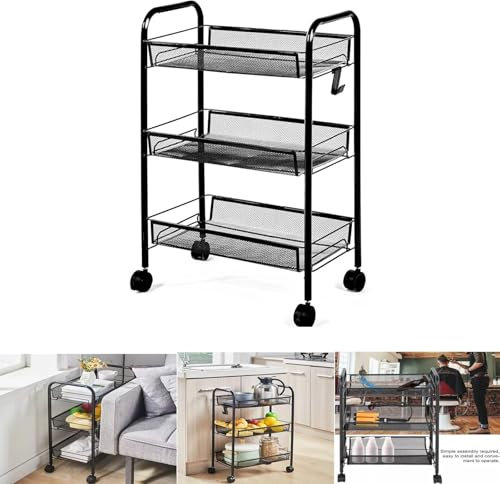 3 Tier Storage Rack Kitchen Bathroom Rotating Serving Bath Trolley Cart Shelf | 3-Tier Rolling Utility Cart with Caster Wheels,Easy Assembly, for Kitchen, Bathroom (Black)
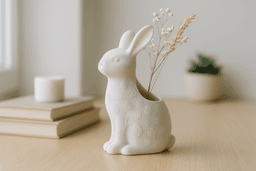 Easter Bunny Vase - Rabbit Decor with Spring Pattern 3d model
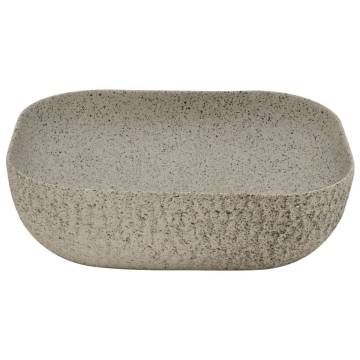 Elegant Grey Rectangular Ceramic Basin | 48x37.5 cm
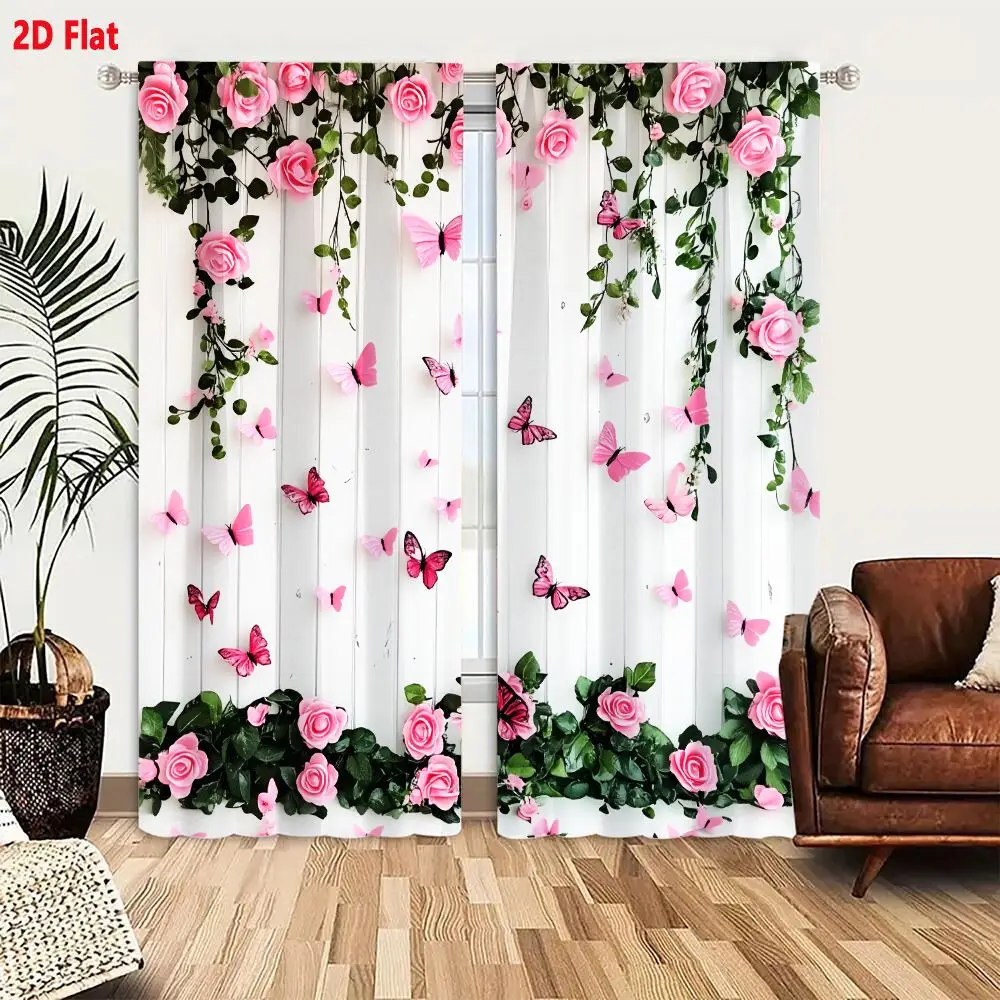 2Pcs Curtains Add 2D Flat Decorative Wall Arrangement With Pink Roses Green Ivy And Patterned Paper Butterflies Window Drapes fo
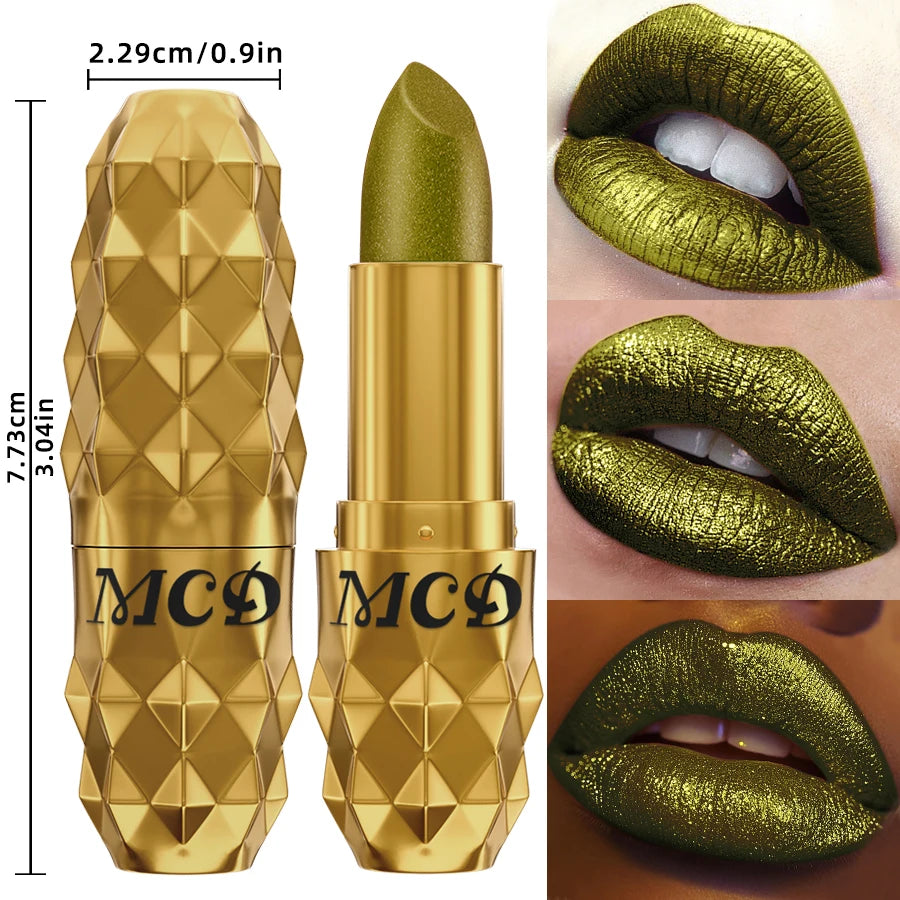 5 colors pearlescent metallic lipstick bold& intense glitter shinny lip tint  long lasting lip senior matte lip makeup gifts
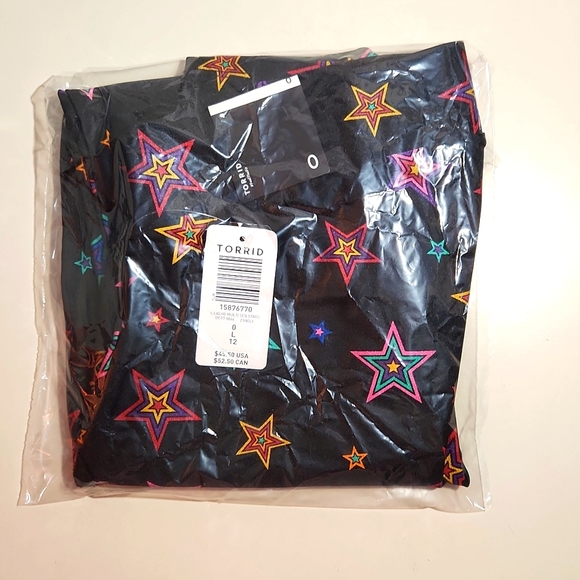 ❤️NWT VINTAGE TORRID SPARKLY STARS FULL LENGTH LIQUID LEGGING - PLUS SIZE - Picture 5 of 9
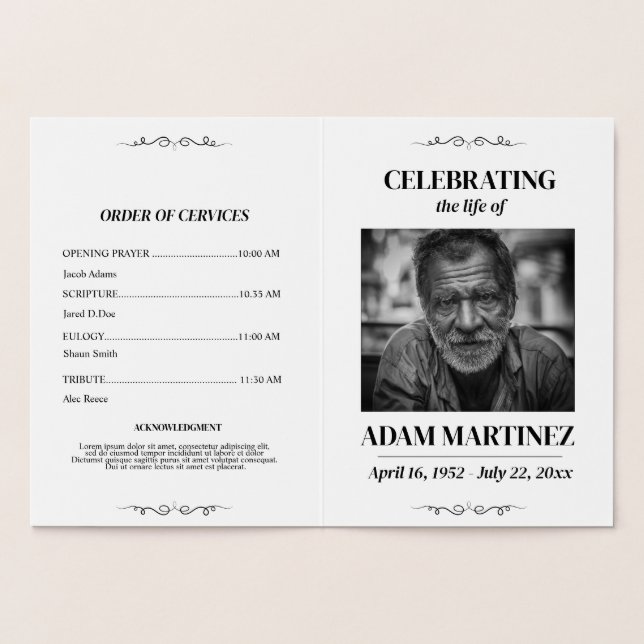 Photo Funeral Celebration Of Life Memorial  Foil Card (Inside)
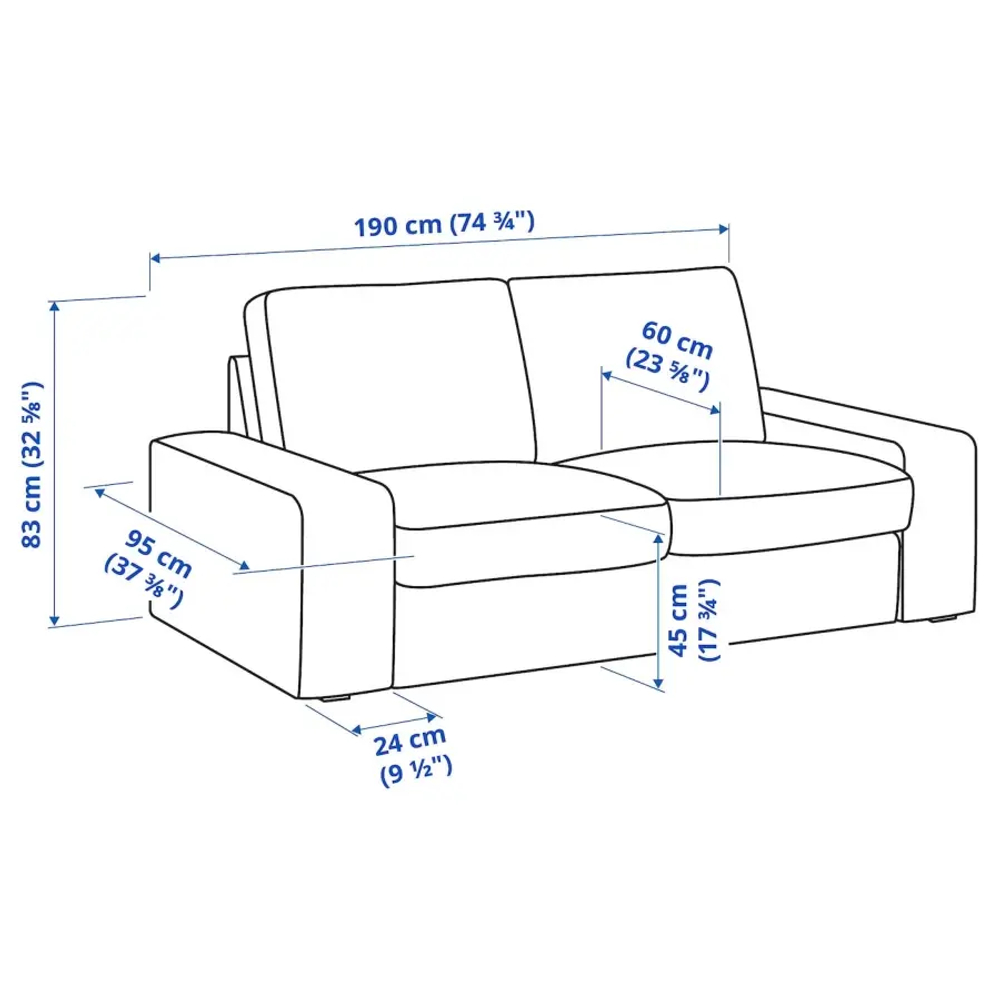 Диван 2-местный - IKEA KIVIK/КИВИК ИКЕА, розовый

= = = = =

> DIRECTIONS FOR THIS TASK
Repeat only the stretch of data above that runs from the line with "Elegant Grey Rectangular" to the line with "5 colors pearlescent". Keep both end lines; exclude pictures.

> OUTPUT FOR THIS TASK
 Elegant Grey Rectangular Ceramic Basin | 48x37.5 cm
 2Pcs Curtains Add 2D Flat Decorative Wall Arrangement With Pink Roses Green Ivy And Patterned Paper Butterflies Window Drapes fo
 5 colors pearlescent metallic lipstick bold& intense glitter shinny lip tint  long lasting lip senior matte lip makeup gifts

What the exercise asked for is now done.